Friday, March 27, 2009
Tigist and Mebratu's 'Abetee'
While we were in Ethiopia to pick up our children, we stayed in a guest house with a few other adoptive American families. One of those families was also with our agency and was adopting a son who was from the same village as our children. When we picked up our kids from the foster care center and brought them back to the guest house, it was immediately apparent that these three were buddies, or, 'abetees'.
For the next few days, they played non-stop and constantly chattered in their native Wolaitian language. This was actually one of several graces that God planted in our life during that nightmarish week. Tigist and Mebratu were very good anyway, but to have a close friend to pal around with initially was quite a treat for them and quite a relief for us so we could focus on one sick baby.

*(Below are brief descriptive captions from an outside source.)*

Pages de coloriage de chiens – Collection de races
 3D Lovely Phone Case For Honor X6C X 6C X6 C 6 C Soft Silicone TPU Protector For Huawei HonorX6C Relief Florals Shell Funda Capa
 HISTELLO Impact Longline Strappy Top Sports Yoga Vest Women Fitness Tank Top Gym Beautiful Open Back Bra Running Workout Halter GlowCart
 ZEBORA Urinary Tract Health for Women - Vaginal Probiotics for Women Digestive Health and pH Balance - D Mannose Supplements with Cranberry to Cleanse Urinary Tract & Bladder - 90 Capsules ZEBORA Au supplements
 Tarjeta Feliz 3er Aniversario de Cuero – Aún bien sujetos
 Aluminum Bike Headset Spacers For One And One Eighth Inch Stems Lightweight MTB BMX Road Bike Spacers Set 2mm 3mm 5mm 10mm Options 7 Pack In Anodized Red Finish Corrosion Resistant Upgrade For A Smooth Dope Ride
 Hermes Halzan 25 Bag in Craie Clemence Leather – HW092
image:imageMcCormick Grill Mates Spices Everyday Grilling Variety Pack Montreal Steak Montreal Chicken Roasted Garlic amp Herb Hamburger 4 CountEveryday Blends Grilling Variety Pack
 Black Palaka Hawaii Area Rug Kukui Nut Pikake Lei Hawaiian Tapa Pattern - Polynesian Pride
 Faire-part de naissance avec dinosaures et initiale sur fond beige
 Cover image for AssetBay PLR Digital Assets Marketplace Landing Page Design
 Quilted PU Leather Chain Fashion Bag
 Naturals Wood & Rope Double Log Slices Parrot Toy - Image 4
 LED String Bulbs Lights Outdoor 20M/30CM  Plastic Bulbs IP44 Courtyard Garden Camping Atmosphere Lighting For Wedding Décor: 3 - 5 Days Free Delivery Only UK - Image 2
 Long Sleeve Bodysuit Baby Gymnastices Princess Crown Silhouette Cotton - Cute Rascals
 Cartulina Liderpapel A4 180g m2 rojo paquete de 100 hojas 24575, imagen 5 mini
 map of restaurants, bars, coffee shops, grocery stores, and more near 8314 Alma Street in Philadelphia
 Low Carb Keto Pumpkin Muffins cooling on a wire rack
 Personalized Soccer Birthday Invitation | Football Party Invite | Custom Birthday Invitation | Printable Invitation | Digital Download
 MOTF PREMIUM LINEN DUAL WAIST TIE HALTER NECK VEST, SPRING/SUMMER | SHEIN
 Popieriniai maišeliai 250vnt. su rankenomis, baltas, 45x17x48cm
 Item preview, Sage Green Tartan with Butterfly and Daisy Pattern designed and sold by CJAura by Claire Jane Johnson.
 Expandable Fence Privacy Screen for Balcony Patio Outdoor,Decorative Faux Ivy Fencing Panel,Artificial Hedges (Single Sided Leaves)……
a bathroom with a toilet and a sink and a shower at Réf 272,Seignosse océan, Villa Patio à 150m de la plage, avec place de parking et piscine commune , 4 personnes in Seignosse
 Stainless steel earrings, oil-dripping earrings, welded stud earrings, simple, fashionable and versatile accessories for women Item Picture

We also flew on the same flight home to the U.S. together and then parted ways at Dulles (D.C.) airport when they went on to the Northwest and we flew home. It was a tearful moment to see these sweet children part, one more time, from their last link to 'home' and their former life, which they had almost completely left behind, save for the memories in their little heads. Strangely, the kids did not cry, just their new families. My hunch is that this one last breaking from their past was small compared to the other losses they had already grieved (and still are grieving). I don't know - emotionally, I still haven't figured my kids out and probably never will, but that's another post.
I recently contacted their 'Abetee's' mom and we arranged a phone call for the kids to chat and catch up. Tigist and Mebratu were quite delighted at the thought of getting to talk with him over the phone. They spent all of last night's dinner practicing and thinking about what they were going to say. (which my other kids turned into a silly session of thinking of all the wacky things they could tell Abetee about their new life with us... and the conversation went south from there).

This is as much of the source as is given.